Die traditionelle Prozession ist kleiner, ohne ausländische Pilger und Christen aus dem Westjordanland, aufgrund des Gaza-Kriegs.

Christliche Gläubige gehen mit einem Kreuz während einer Karfreitagsprozession.
Foto: Ilia Yefimovich/dpa

Der Menschenzug windet sich durch enge Gassen, vorbei an israelischen Soldaten und Polizisten mit Schnellfeuergewehren. Singend und betend ziehen mehrere Tausend Christen die Via Dolorosa entlang, den Schmerzensweg von Jesus Christus.

Die traditionelle Karfreitagsprozession in der Altstadt von Jerusalem verläuft in diesem Jahr anders als in den vorangegangenen Jahren. Es nehmen viel weniger Gläubige als üblich an dem Weg von der Geißelungskirche zur Grabeskirche teil, wo Jesus gemäß der christlichen Tradition begraben wurde.

Es sind vor allem palästinensische Christen. «Es ist ein trauriges Jahr, wegen der tragischen Situation in Gaza», sagt Daud Maliha (47), einer der Pilger. «Wir gedenken des Leidens der Menschen dort und des Leidens Christi, wenn wir den Pfad gehen, der ihn zu seiner Kreuzigungsstätte führte.» Der seit fast sechs Monaten dauernde Krieg im Gazastreifen hat ausländische Pilger weitgehend davon abgehalten, nach Jerusalem zu reisen.

Der beispiellose Überfall von Terroristen der Hamas und anderer extremistischer Gruppen am 7. Oktober löste ihn aus.
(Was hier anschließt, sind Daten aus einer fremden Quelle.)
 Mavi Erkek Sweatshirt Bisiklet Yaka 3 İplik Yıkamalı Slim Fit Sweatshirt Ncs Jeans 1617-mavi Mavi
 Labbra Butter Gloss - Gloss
Die Invasoren töteten fast 1200 Menschen und verschleppten weitere 250 als Geiseln in den Gazastreifen. Israel reagierte mit massiven Luftangriffen und einer Bodenoffensive. Laut Angaben der von der Hamas kontrollierten Gesundheitsbehörde kamen im Krieg mehr als 32.000 Palästinenser ums Leben – wobei nicht zwischen Kämpfern und Zivilisten unterschieden wird.

Unter den Teilnehmern der Prozession sind viele Jugendliche und Kinder in Uniformen palästinensischer Pfadfinderorganisationen zu sehen. Die meisten der 5,3 Millionen Palästinenser sind Muslime, während sich mehr als 200.000 Palästinenser zum Christentum bekennen. Die Karfreitagsprozession sei diesmal kleiner, weil nicht nur kaum Ausländer kamen, sagt Maliha, sondern auch keine palästinensischen Christen aus dem von Israel besetzten Westjordanland. Seit Ausbruch des Gaza-Kriegs lässt Israel nur sehr wenige Palästinenser aus dem Westjordanland nach Israel reisen.

Nachempfinden des Leidenswegs

Auf dem Weg zur Kreuzigung musste Jesus laut Bibel Geißelungen, Peitschenhiebe und Demütigungen ertragen. Auch in diesem Jahr gehen die Prozessionsteilnehmer am Karfreitag die Via Dolorosa entlang, um das Leiden Jesu zu spüren. Einige tragen ein Holzkreuz als Erinnerung daran, dass Jesus sein Kreuz selbst tragen musste. In diesem Jahr fehlen jedoch die Pilger, die sich Dornenkronen aufsetzen. Diese Form von tiefer und schmerzhafter Hingabe wird anscheinend eher von ausländischen Pilgern praktiziert, die aufgrund des Gaza-Kriegs in diesem Jahr nicht angereist sind.

Ostern ist für Christen weltweit das bedeutendste Fest. Während sie am Karfreitag der Verurteilung Jesu und seiner Kreuzigung gedenken, feiern sie am Ostersonntag seine Auferstehung. Nach dem christlichen Glauben hat der gekreuzigte Jesus den Tod überwunden und somit seinen göttlichen Erlösungsauftrag erfüllt. Durch sein Martyrium auf Erden sollen nach dieser Vorstellung die christlichen Gläubigen von ihren Sünden erlöst worden sein.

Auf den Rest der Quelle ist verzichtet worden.